L’an dernier, j’ai participé à la bataille menée par des parents, des enseignants et des habitants du quartier de la Reynerie, à Toulouse, contre un projet du Conseil Départemental et du rectorat, qui, au nom de la mixité sociale, ont décidé de fermer le collège du quartier, en scolarisant les futurs élèves de 6° dans d’autres collèges de l’agglo, éloignés et fréquentés par des enfants de « CSP ++ », ou « Catégories Socio Professionnelles favorisées ».
C’est une bataille très enthousiasmante et très nouvelle, mais aussi très dure, qui a commencé en novembre 2016 et se poursuit encore.

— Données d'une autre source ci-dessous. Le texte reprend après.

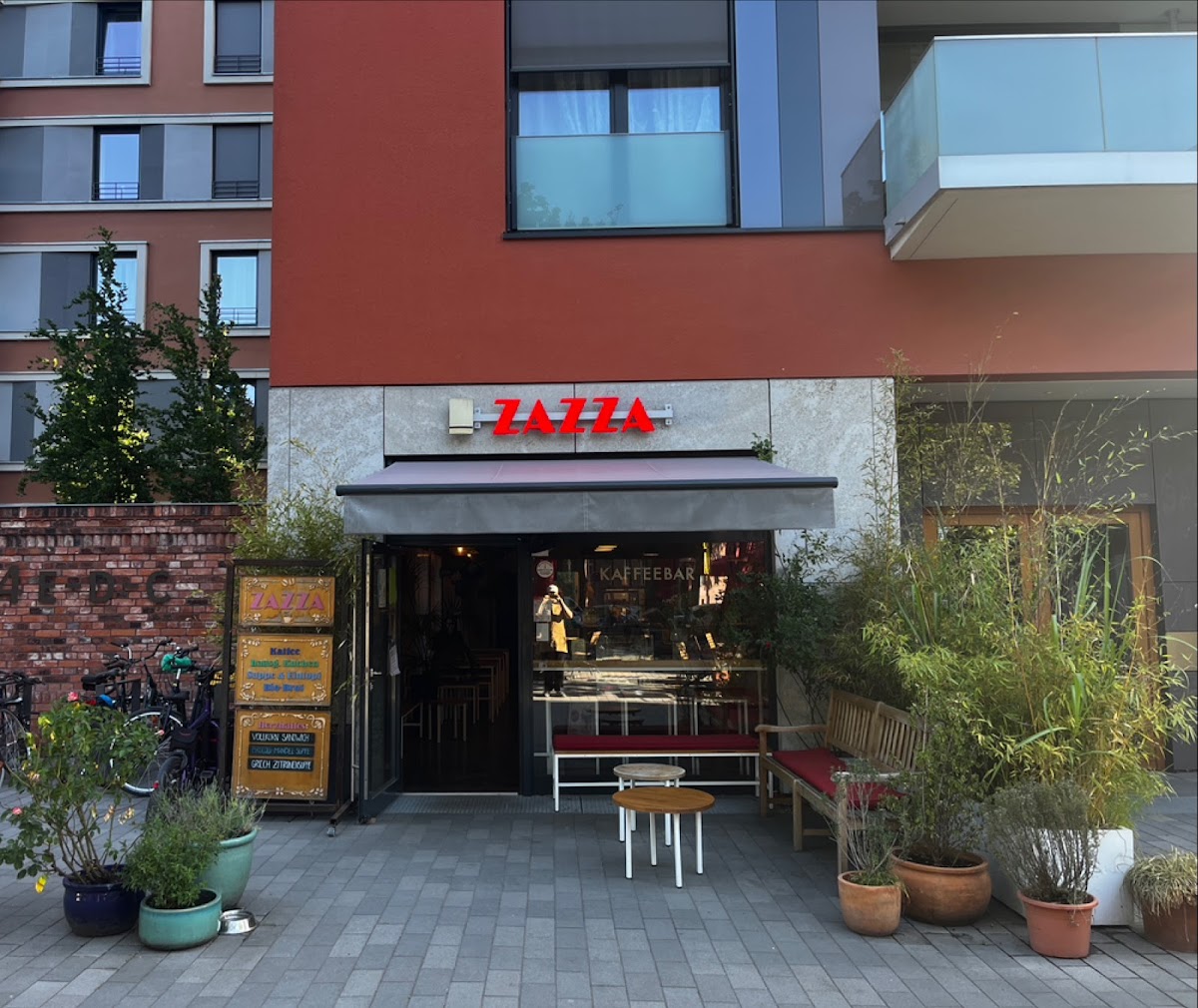 Zazza Moabit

Il y a eu de grands moments, des inventions comme le porte à porte téléphonique, des fêtes et des manifestations qui ont réuni des gens de partout sur le quartier, et des moments durs, où on était face à un mur de mépris, où on se prenait en pleine figure la violence de propos haineux sous leur masque de bienpensance.
Comme toutes les batailles me direz-vous ? Peut-être, mais ce qui pour moi rend celle-là particulière, c’est les possibles qu’elle a ouverts pour les habitants des quartiers populaires et d’ailleurs.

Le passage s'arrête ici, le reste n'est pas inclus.